Rajoy was reacting to comments by Tsipras on Saturday, who said that during talks that earned Greece a four-month extension to its bailout, pressure from certain other European countries "had the character of blackmail" – pointing especially to Spain and Portugal.
"Conservative forces (in Europe) tried to set a trap for us, to drive us into financial asphyxia," the 40-year-old Greek premier had said.
Speaking Sunday to a meeting of his conservative party, Rajoy fired back in the first out-in-the-open clash between Tsipras and another European leader.
"We are not responsible for the frustration created by the radical Greek left, which promised the Greek people things it knew it couldn't hold to," Rajoy said.
He noted that Tsipras's hard-left Syriza party had tried to lay the blame for Greece's problems on Spain and neighbouring Portugal.
"Looking for an external enemy is a way we've already seen many times in history… That doesn't solve problems, it aggravates them," Rajoy said.
"The only solution is to get serious," he advised the new Greek leader.
Both Madrid and Lisbon have filed official protests against Tsipras's comments with Brussels, with Portuguese officials also firing back.
Antonio Costa, spokesman for the ruling centre-right Social Democratic Party called Tsipras' allegations "totally absurd" in addition to being "grave, lamentable, and false."
Costa described the charges as being "sad coming from a leader who should be rising to assume his responsibilities," and said that statements "can not be justified by the internal difficulties Syriza is going through."
In his earlier comments, Tsipras claimed Greece had came up against "an axis of powers led by Spain and Portugal" that tried to scupper the negotiations to "avoid internal political risks."

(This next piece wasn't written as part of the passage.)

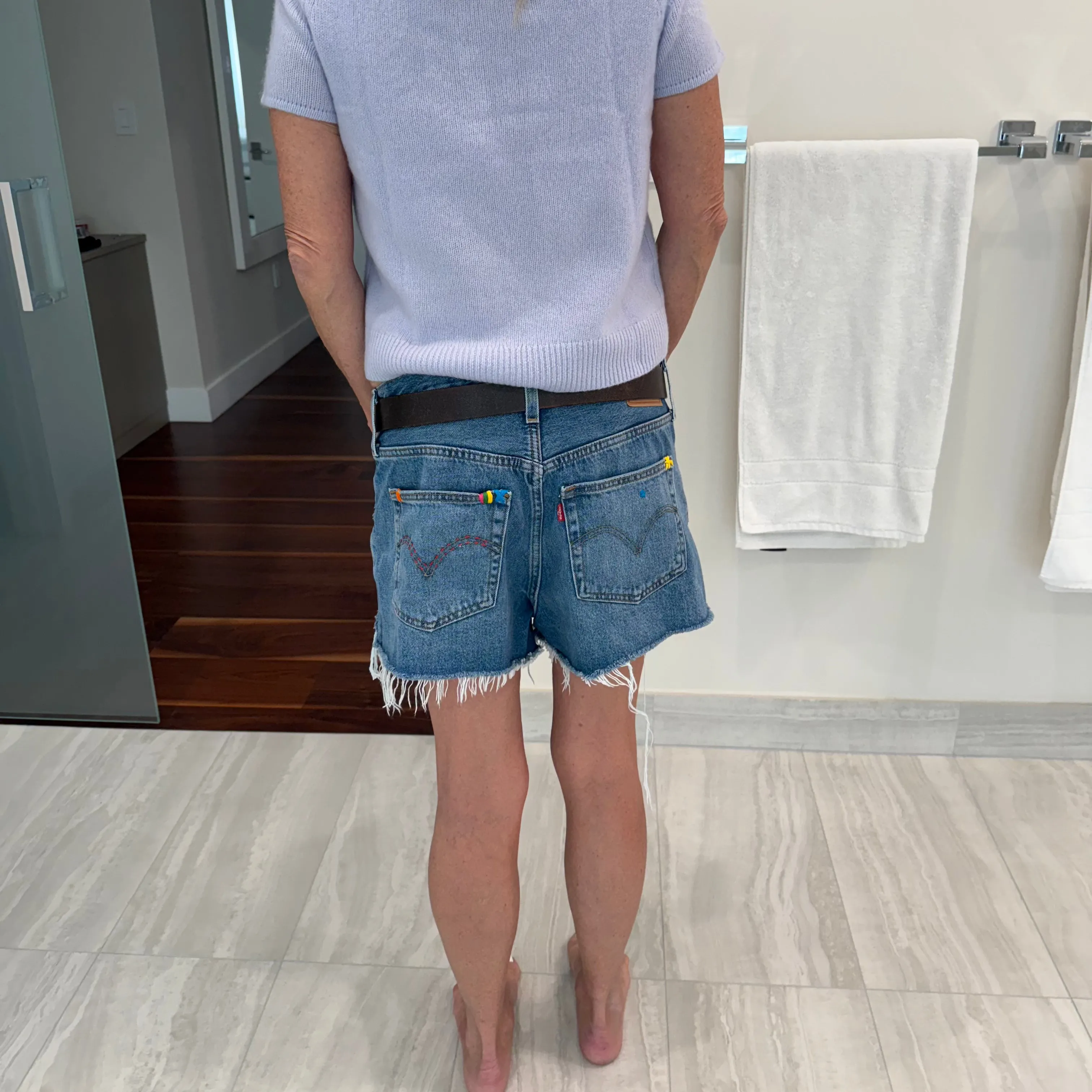 Denim Hand X design Embroidered Colours Shorts - Levi’s 501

"These powers do not want the Greek example to influence other countries, especially in the perspective of elections in Spain," this year, Tsipras said.

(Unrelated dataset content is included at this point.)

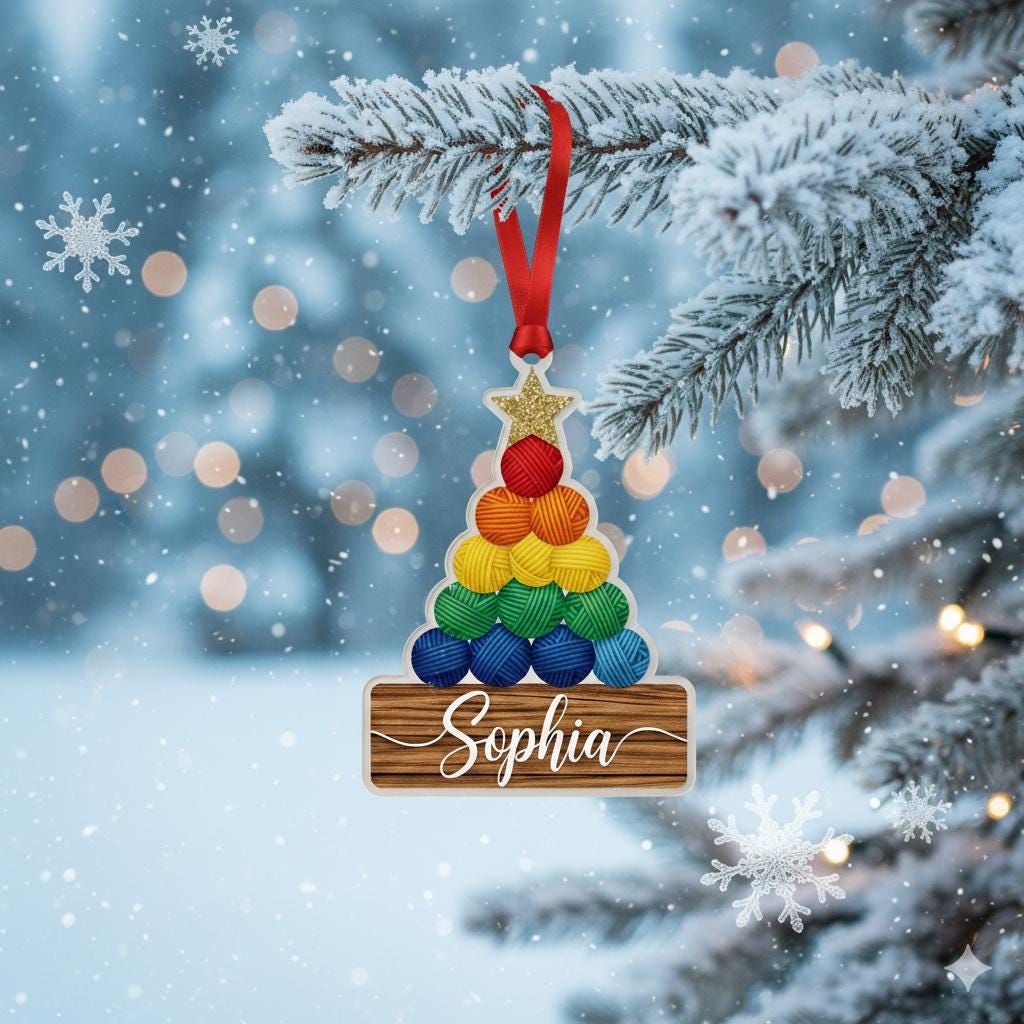 Personalized Yarn Ornament – Christmas Tree Decoration with Knitting Theme and Name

His remarks were seen as a reference to the rise of anti-austerity parties in Spain and Portugal, which have been buoyed by Syriza's arrival to power.
A Greek governmental source insisted on Sunday that Tsipras had a responsibility "to explain to the Greek people the details after crucial Eurogroup negotiations."
The positions of the European governments were no secret, he added.
"The Greek government doesn't class European countries and citizens as friendly or rivals. It doesn't look for enemies abroad but for solutions at the European level… Bad interpretation of the Greek PM's comments don't aid that dialogue."
In Spain — which unlike Portugal did not receive a full bailout, but whose banks got emergency support in 2012 — new anti-austerity party Podemos, a close Syriza ally, is leading polls ahead of general elections expected later this year.
In Portugal, meanwhile, opposition Socialists have echoed refrains by Syriza and Podemos in accusing ruling conservatives of failing to resist excessive "diktats" coming from Berlin.
Despite the official protests lodged over Tsipras' accusations, however, government officials in Spain confided they don't believe Brussels will take action, even if authorities there object to comments coming from Greece as much as Madrid does.
"I don't think the Commission will issue a public rebuke," the source said, noting that "in this very sensitive case, the Commission's role is to be the intermediary, not to divide."